Max Ruebensal - Das Verlangen nach intellektuellen Sensationen
Max Ruebensal ist ein aufstrebender Vollzeit-Künstler, dessen farbenfrohe Werke häufig mit verschiedenen Fließtechniken “Pouring” entstehen. Oft stellen diese aber nur die Basis und werden zu herausragenden Werken weiterverarbeitet, die den Betrachter erstaunen und herausfordern.
In Ihren kontrastreichen, farbenfrohen Werken bedienen Sie sich häufig der Fließtechnik “Pouring”, bei der die Farben nicht mit Pinsel oder Spachtel aufgetragen, sondern auf die Leinwand geschüttet werden. Was fasziniert Sie an dieser Art Bilder zu erschaffen?

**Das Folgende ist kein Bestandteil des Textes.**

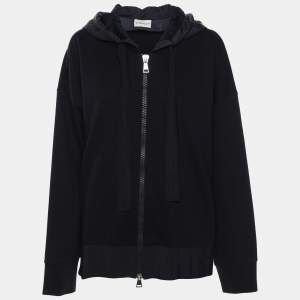 Moncler Navy Blue Cotton Knit Zipped Hooded Sweatshirt M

Das ist tatsächlich eine der häufigsten Fragen, die ich bekomme, und doch überrascht die Antwort die Meisten. Denn was viele nicht wissen: Ich komme ursprünglich aus der kontemporären Skulpturen- und Installationskunst. Konkret hat das für mich als Künstler bedeutet, dass ich im Schaffensprozess die Kontrolle über alles hatte, und das Kunstwerk eigentlich im Kopf bereits fertig war, bevor ich mit den Händen überhaupt an die Arbeit ging. Irgendwann bin ich jedoch an einem Punkt angelangt, an dem ich das Gefühl hatte, in dieser künstlerischen Disziplin nicht mehr ‚weiter zu kommen‘. Etwas Neues musste her, und ich wollte auch meine Komfortzone verlassen. Bei der Fließtechnik muss man viel Kontrolle aufgeben, und aus dem Zufall entstehen viele neue, ebenfalls faszinierende Dinge. Natürlich war das am Anfang ein Gewöhnungsprozess, der etwas gedauert hat. Über die Zeit fanden aber auch einige konzeptuelle Aspekte wieder in meine Kunst zurück, und heute kombiniere ich oft das Beste aus beiden Welten. So habe ich z.B. für meine ‚Rate Of Loss‘-Serie Effekte entwickelt, die aus einer Reaktion von wasserbasierten Acrylfarben mit ölbasierten Sprühfarben entsteht. Die Technik & Materialien unterstützen dabei als ‚Bild-im-Bild‘ den thematischen Grundkern der Serie, die sich mit verschiedensten, vom Mensch herbeigeführten Naturkatastrophen, wie z.B. Ölkrisen beschäftigt.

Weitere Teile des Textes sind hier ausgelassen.